MORGAN STANLEY: GoPro's marketing has been a failure, and it has even bigger issues that are about to get worse
In a note to clients on Monday, GoPro cut its rating on shares of GoPro to Underweight from Equal Weight, effectively telling clients that right now, there is basically nothing to like about the company.
And the biggest problem? GoPro's are hard to use and customers aren't really buying them.
Here's Morgan Stanley:
GoPro management has attributed weak response to the Session camera, and the associated price cuts (now $199 vs. original MSRP of $399) to poor consumer awareness exacerbated by poor launch timing (right around the July 4th holiday), minimal marketing, inappropriate pricing, and a host of other issues. We agree that all of those issues have contributed to poor demand, but believe that the bigger issue is that key challenges of off- loading, storage and editing content have not been adequately addressed for a product intended to be "taken anywhere to record everything." The fact that the Session is intended to be used more than the other cameras in the GoPro line-up just makes those challenges worse-there is likely to be more footage and therefore a lower percentage of usable content.

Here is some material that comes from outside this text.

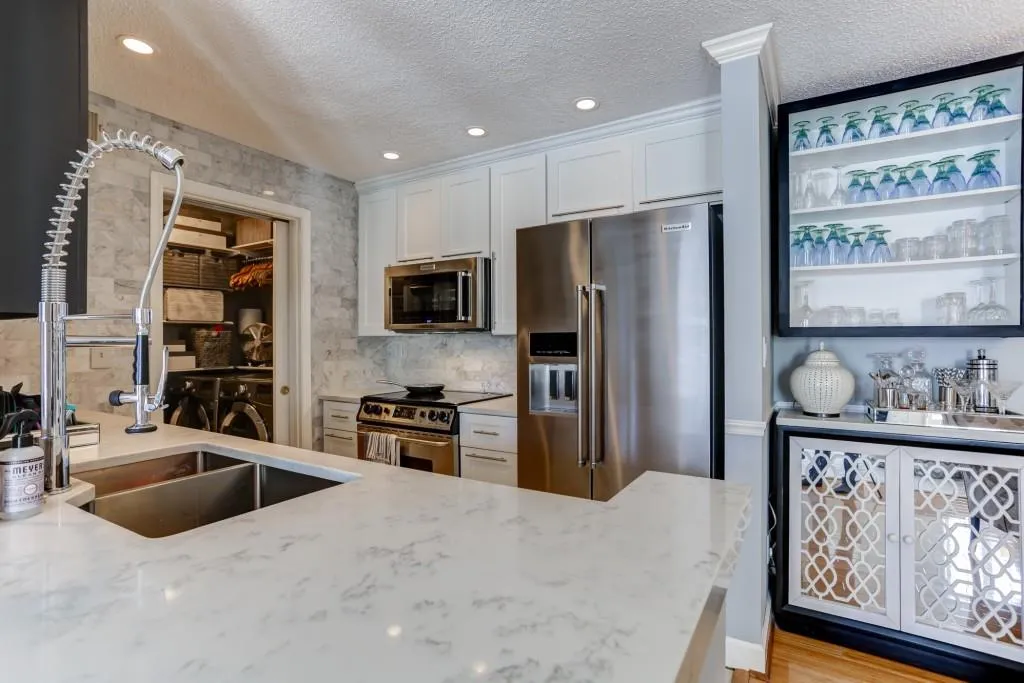 613 Granville Court, Sandy Springs, Georgia 30328, 2 Bedrooms Bedrooms, ,2 BathroomsBathrooms,Residential,Sold,613 Granville Court,6516403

Morgan Stanley put a $12 price target on shares of GoPro on Monday. This year alone the stock has lost about 70% of its value. In early trade on Monday were down about 5% to trade near $18 per share. Previously, Morgan Stanley had a $23 price target on the stock.

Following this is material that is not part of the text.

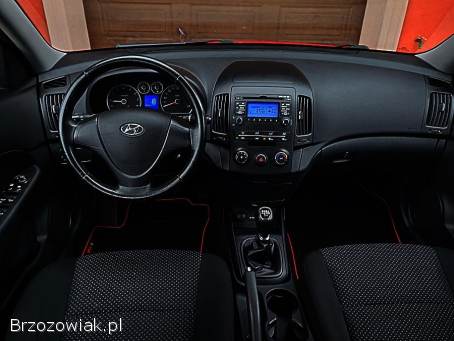 Hyundai i30 1.  4 dohc 2011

Back in October, Morgan Stanley cut its rating on GoPro to Equal Weight from Overweight due to poor sales of GoPro's new Hero4 Session camera.
And in taking this rating down another notch on Monday, Morgan Stanley is still not impressed with sales of this unit.

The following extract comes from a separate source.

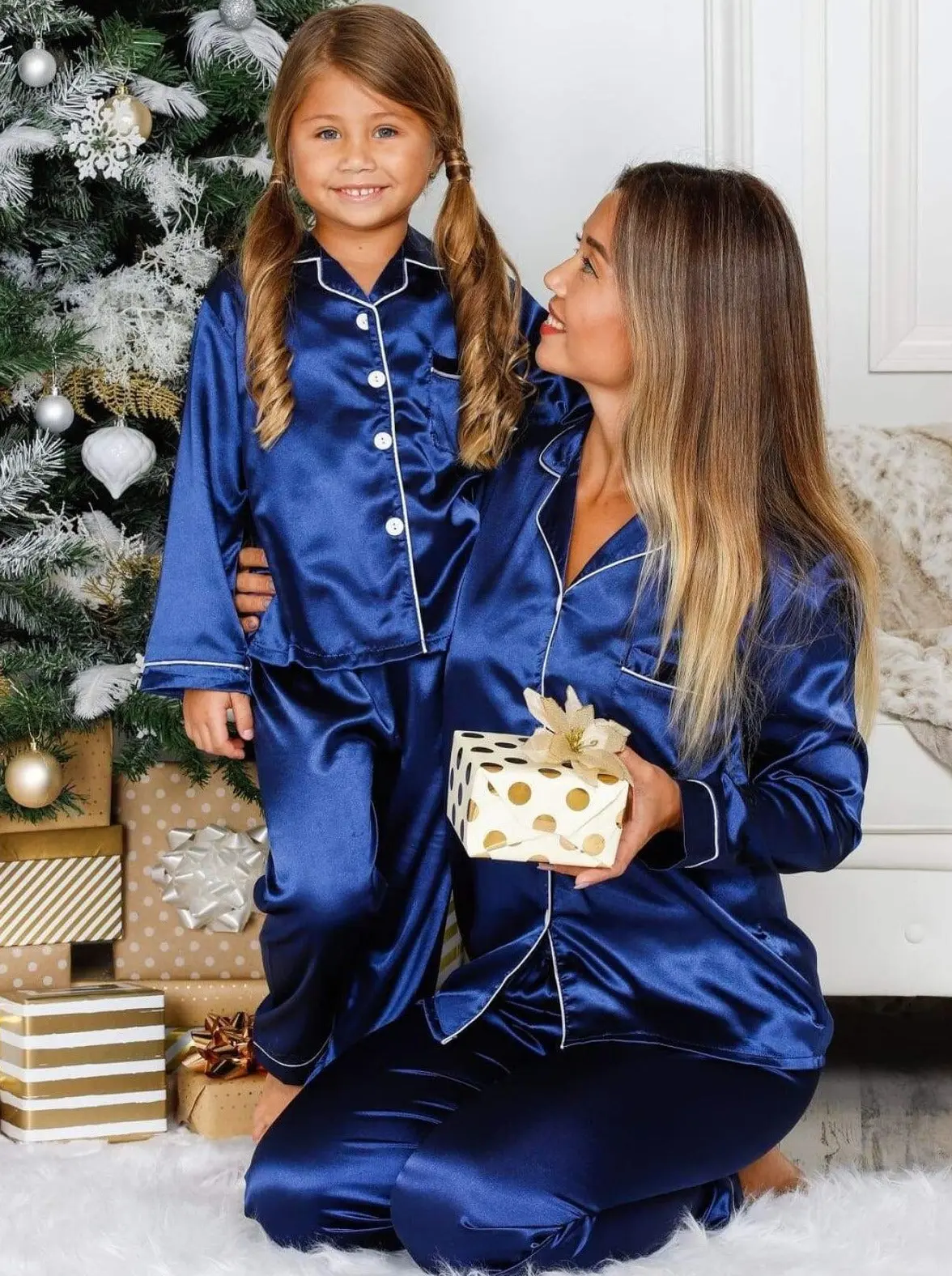 Women's Long Sleeve Button Down Pajamas - Image 10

Morgan Stanley wrote in its note on Monday that, "Almost all retailers we have spoken with are seeing [year-over-year] declines in sales, waning interest in the category and product availability mix shifting to lower price points."
The firm added that, "channel inventory is unlikely to be declining fast enough to hit targeted levels by the end of the year to adequately reflect retailers' reduced commitment to the product segment."
In plain English, these two sentences indicate that no one wants to buy GoPro's and no one wants to sell them.
And so it more or less seems, right now, like GoPro shares came to market at a time when people thought everyone would find it really fun to record everything they did and then put that footage on the internet.
Except doing that isn't actually that easy. Or fun, perhaps.
But either way, people aren't really buying GoPro's anymore and retailers don't want to sell them.